Musing Summary for the Week of 1/14/19
Last week, CES was all the rage and by most counts it was the largest ever, including 2.2 million ft.2of 4,500 exhibits and 189,000 attendees. Even as Samsung and LGE released poor Q418 preliminary guidance, they provided the stars of the show; a set of 3 micro LED TV almost ready for prime time from Samsung and the incredible 65” rollable TV from LG set to be released in the 2ndhalf of 2019. Despite the addition of autonomous cars, intelligent homes, IoT devices of virtually every type, the media and the attendees get most excited about the latest TVs. But we were disappointed that the only foldable display product was the previously announced Flex Pai from Royale, which was royally received in a very upscale booth, where the new products could be played with. However, none of the big names, Samsung, LG, Huawei or Xiaomi had even a glimpse of a foldable smartphone either on the show floor or in their private suites. The Samsung QD/OLED TV was also a no-show, although there were rumors of its appearance on day 1, but nothing afterwards.

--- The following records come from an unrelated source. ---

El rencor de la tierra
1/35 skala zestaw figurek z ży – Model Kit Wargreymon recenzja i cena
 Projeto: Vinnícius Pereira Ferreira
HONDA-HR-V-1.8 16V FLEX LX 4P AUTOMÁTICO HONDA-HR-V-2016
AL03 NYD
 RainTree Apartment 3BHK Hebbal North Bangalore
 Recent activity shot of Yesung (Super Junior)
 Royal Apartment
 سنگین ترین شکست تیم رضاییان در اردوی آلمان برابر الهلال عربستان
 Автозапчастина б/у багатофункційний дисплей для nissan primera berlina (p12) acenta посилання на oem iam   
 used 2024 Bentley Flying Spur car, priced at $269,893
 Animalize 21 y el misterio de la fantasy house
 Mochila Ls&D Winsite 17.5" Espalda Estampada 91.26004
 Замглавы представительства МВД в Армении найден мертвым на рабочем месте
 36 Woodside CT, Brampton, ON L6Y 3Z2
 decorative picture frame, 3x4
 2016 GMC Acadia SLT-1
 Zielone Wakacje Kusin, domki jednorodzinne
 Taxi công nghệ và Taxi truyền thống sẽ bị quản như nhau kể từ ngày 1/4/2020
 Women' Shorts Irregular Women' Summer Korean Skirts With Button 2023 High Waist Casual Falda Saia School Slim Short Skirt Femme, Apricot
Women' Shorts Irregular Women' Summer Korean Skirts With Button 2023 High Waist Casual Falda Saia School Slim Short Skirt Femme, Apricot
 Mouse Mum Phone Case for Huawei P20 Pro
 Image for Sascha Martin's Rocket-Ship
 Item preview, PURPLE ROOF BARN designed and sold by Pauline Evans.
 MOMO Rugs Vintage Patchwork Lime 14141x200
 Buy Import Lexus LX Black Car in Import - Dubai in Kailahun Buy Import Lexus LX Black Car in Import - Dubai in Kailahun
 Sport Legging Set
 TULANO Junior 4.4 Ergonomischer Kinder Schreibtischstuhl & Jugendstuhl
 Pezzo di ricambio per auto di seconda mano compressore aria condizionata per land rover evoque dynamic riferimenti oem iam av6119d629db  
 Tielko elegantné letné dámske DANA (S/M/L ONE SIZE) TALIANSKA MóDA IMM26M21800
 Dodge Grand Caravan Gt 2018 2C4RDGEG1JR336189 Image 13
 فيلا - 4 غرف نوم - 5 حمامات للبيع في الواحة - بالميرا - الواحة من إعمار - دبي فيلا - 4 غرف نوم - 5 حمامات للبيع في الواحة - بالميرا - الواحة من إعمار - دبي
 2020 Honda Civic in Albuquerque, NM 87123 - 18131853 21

Nevertheless, there was much to see at CES and even AT&T got a lot of attention with its controversial announcement of 5G E, which is position as a 5G offering but is only a small improvement over LTE. We provide detail responses from the network designers of both AT&T and Verizon if you are interested in the speeds and feeds, latency and timing. Just don’t expect low latency in wide band offerings.
Other stuff that got us excited was the first commercial quantum computer, which was shown by IBM. (There goes the 124 bit encryption standard!); a car that can both roll on wheels and walk on legs, smart homes that don’t seem to provide anything more than a smart speaker, no new VR headsets (Oculus wasn’t even there), and a number of new OLED displays with a) external compensation to eliminate or marginalize image sticking, b) LTPO backplanes, c) flexible glass, d) transparent displays embedded in automotive windshields for head up use, and e) automotive consoles that meet automotive specs.
But the week wasn’t all positive, as AUO, Innolux, and the other Taiwanese LCD panel makers announced poor Q418 earnings to go along with Samsung and LGE. Apple also announced a 10% to 15% cut in Q119 iPhone shipments to major suppliers. Samsung’s 2019-smartphone forecast dropped to under 300m.